Data section
··········

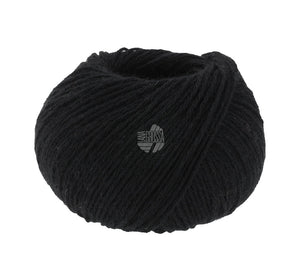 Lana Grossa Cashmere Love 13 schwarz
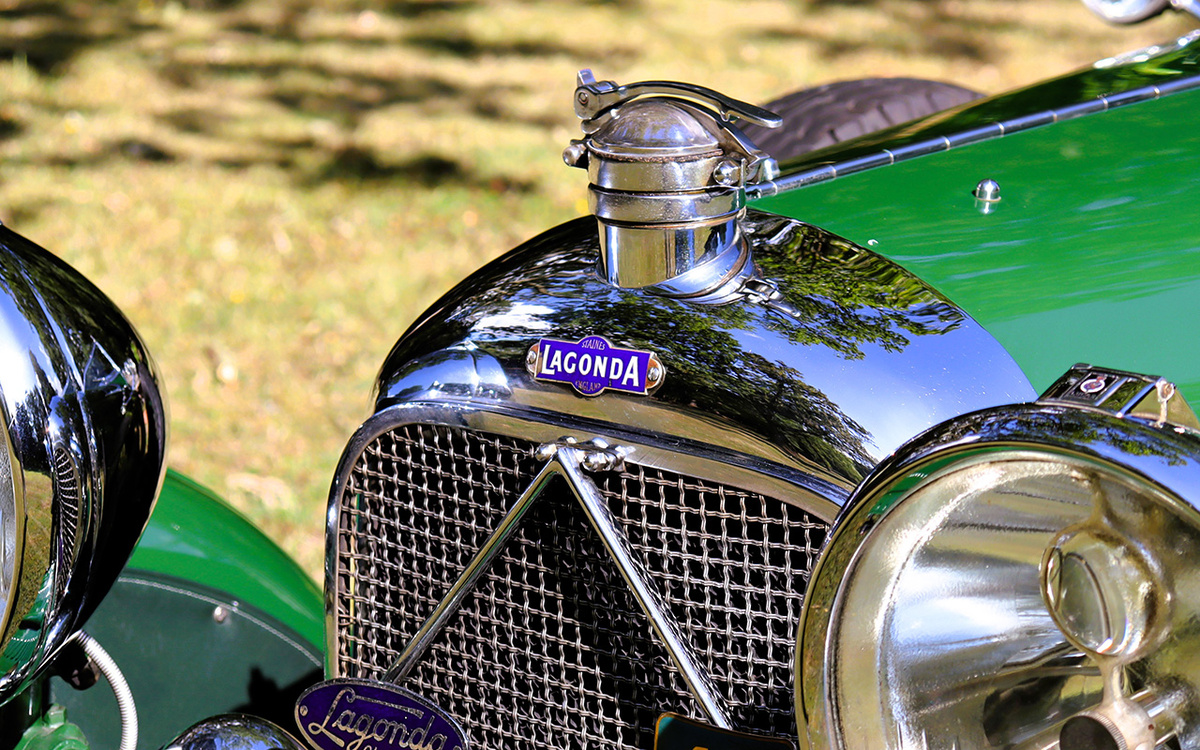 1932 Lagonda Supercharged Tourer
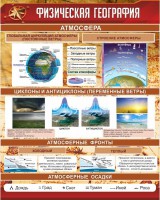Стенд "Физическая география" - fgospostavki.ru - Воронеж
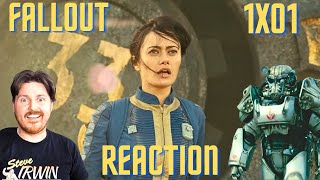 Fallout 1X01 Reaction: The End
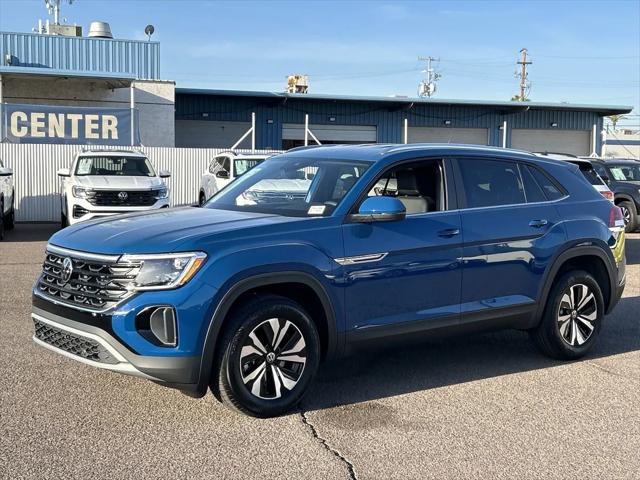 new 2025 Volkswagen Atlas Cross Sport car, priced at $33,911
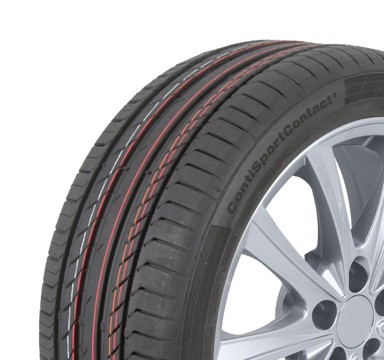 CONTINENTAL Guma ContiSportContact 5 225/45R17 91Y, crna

··········

What to produce
Set down, in exact form, only the lines that start at the one containing "new 2025 Volkswagen" and finish at the last line of the material; pictures do not go in.

Output for this task
 new 2025 Volkswagen Atlas Cross Sport car, priced at $33,911
 CONTINENTAL Guma ContiSportContact 5 225/45R17 91Y, crna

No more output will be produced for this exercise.